Records from a dataset
━━━━━━

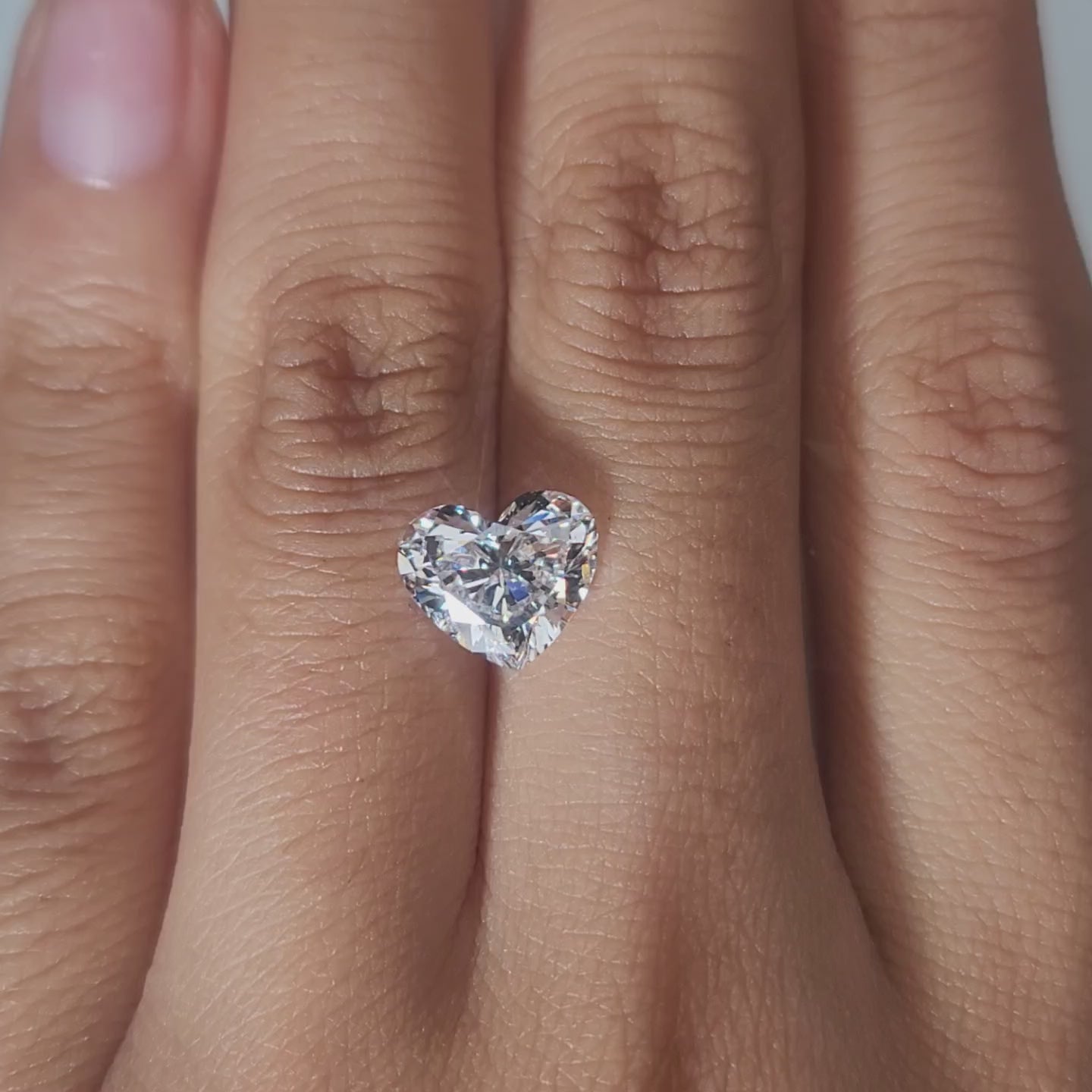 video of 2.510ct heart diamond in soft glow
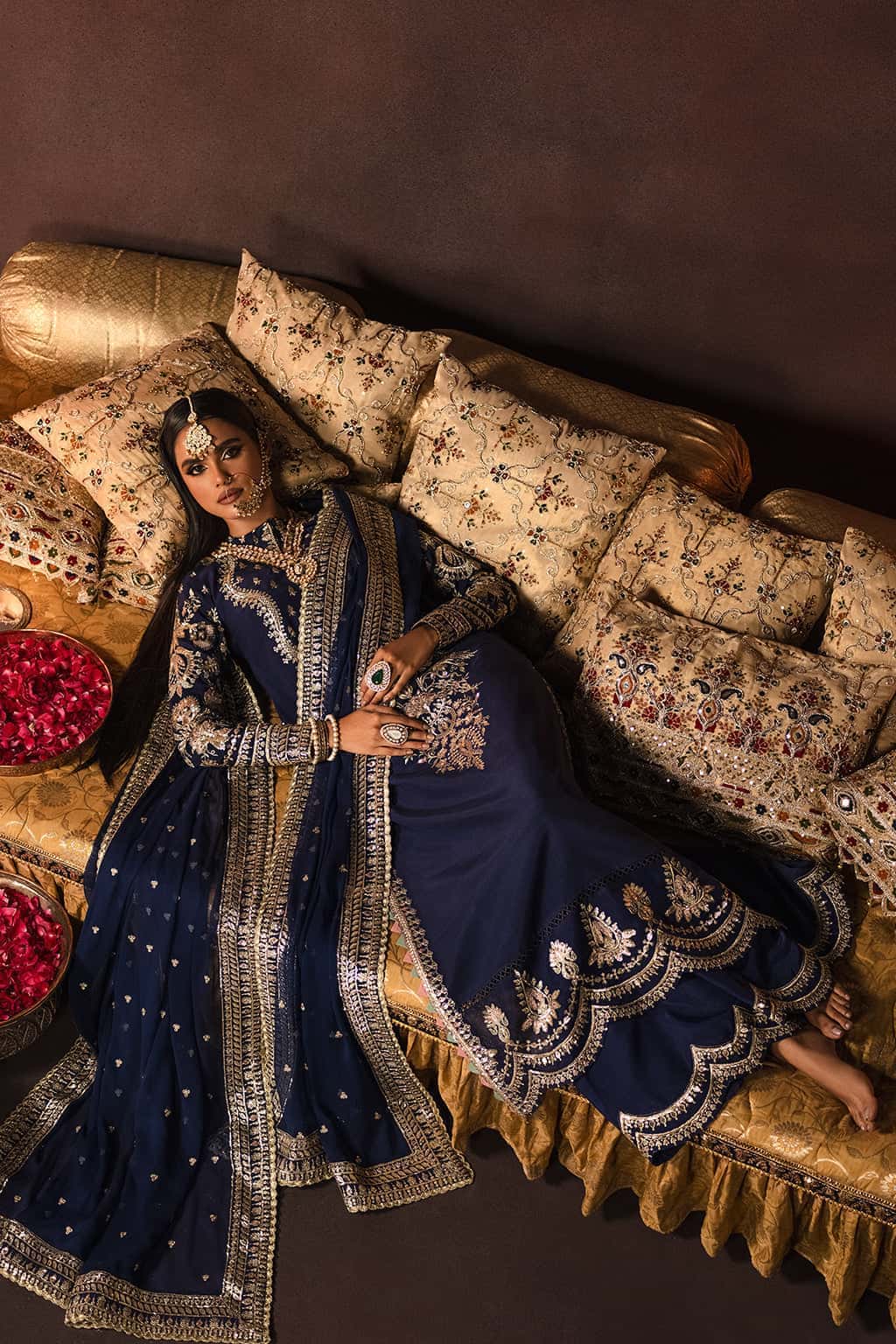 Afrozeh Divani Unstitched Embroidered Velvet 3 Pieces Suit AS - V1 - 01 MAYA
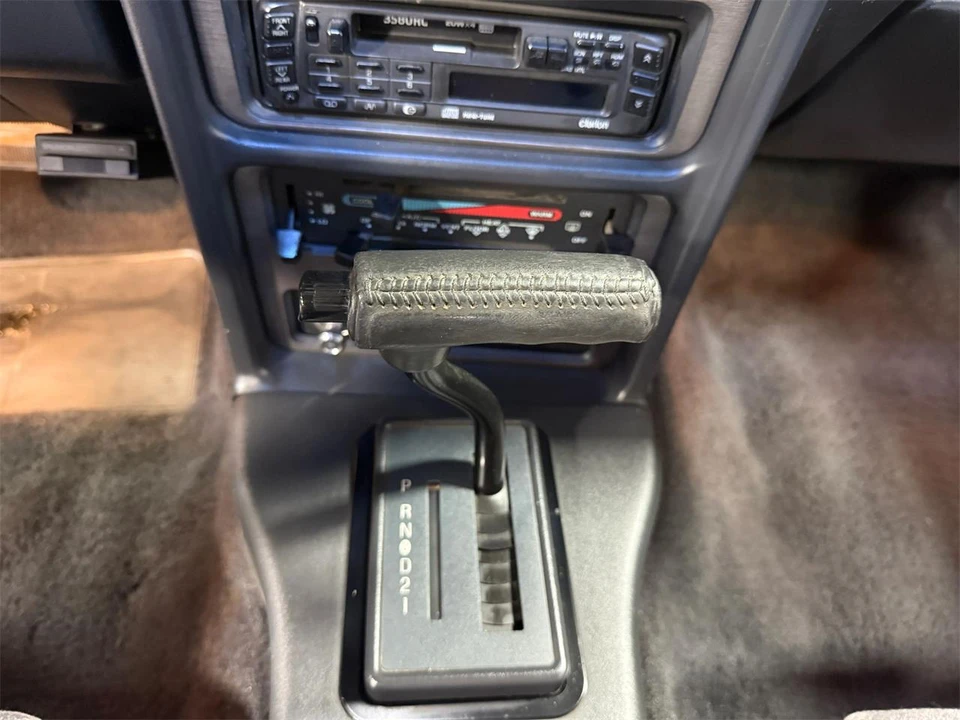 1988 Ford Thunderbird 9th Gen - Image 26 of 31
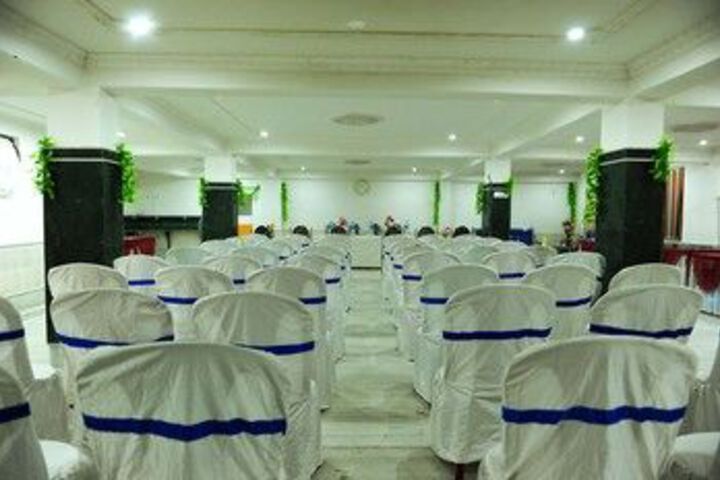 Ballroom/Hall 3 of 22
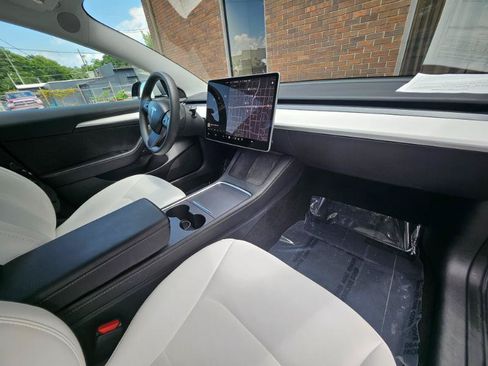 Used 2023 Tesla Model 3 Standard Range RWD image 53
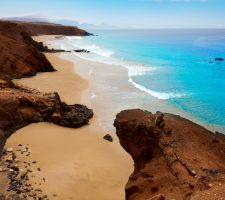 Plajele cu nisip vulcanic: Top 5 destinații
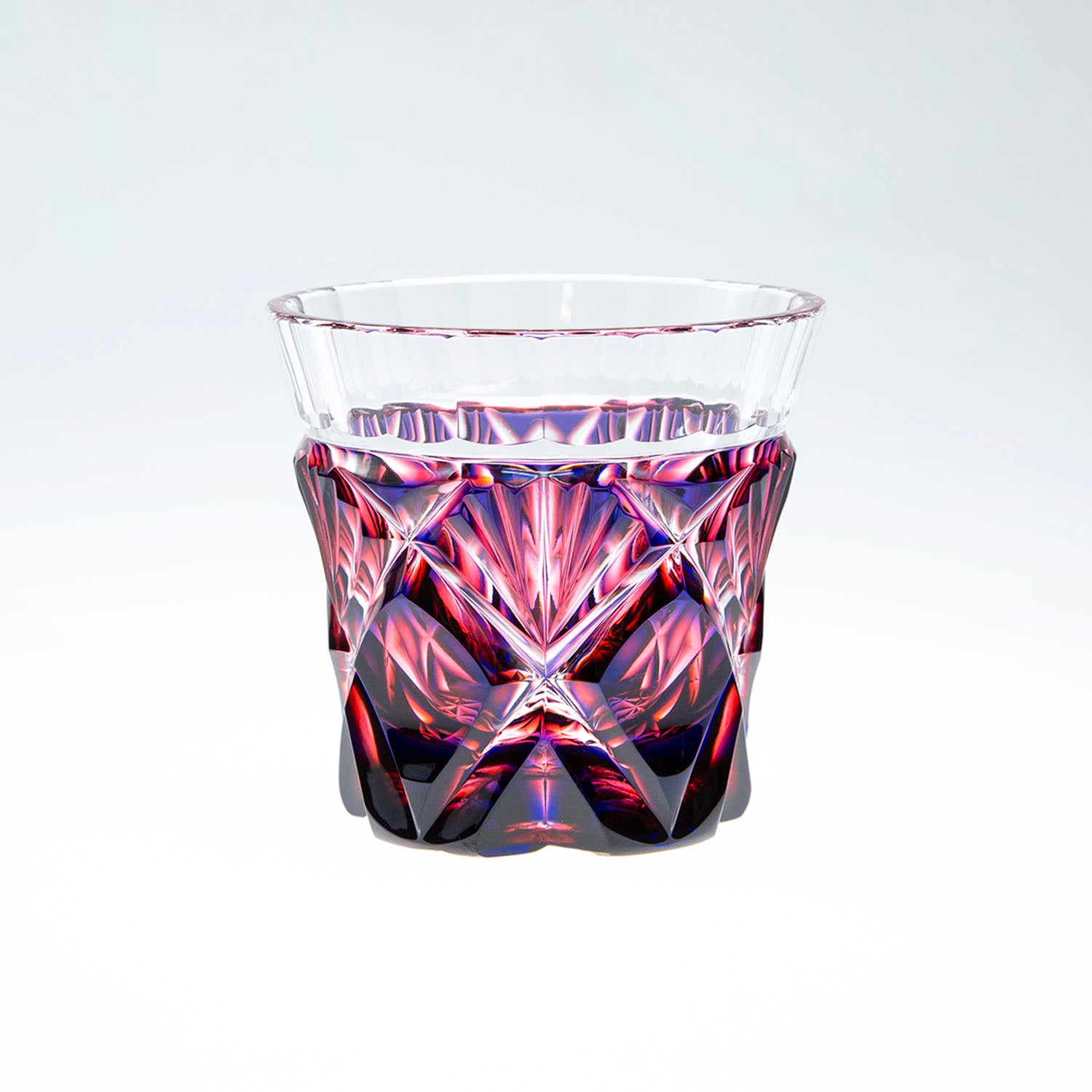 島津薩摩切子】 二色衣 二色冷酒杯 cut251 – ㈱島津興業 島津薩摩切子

━━━━━━

- **PROBLEM TO SOLVE**
Nothing but the lines from the one that contains "Afrozeh Divani Unstitched" through the last line of the records belongs in the answer, reproduced exactly, with no pictures.

- **WRITTEN ANSWER**
 Afrozeh Divani Unstitched Embroidered Velvet 3 Pieces Suit AS - V1 - 01 MAYA
 1988 Ford Thunderbird 9th Gen - Image 26 of 31
 Ballroom/Hall 3 of 22
 Used 2023 Tesla Model 3 Standard Range RWD image 53
 Plajele cu nisip vulcanic: Top 5 destinații
 島津薩摩切子】 二色衣 二色冷酒杯 cut251 – ㈱島津興業 島津薩摩切子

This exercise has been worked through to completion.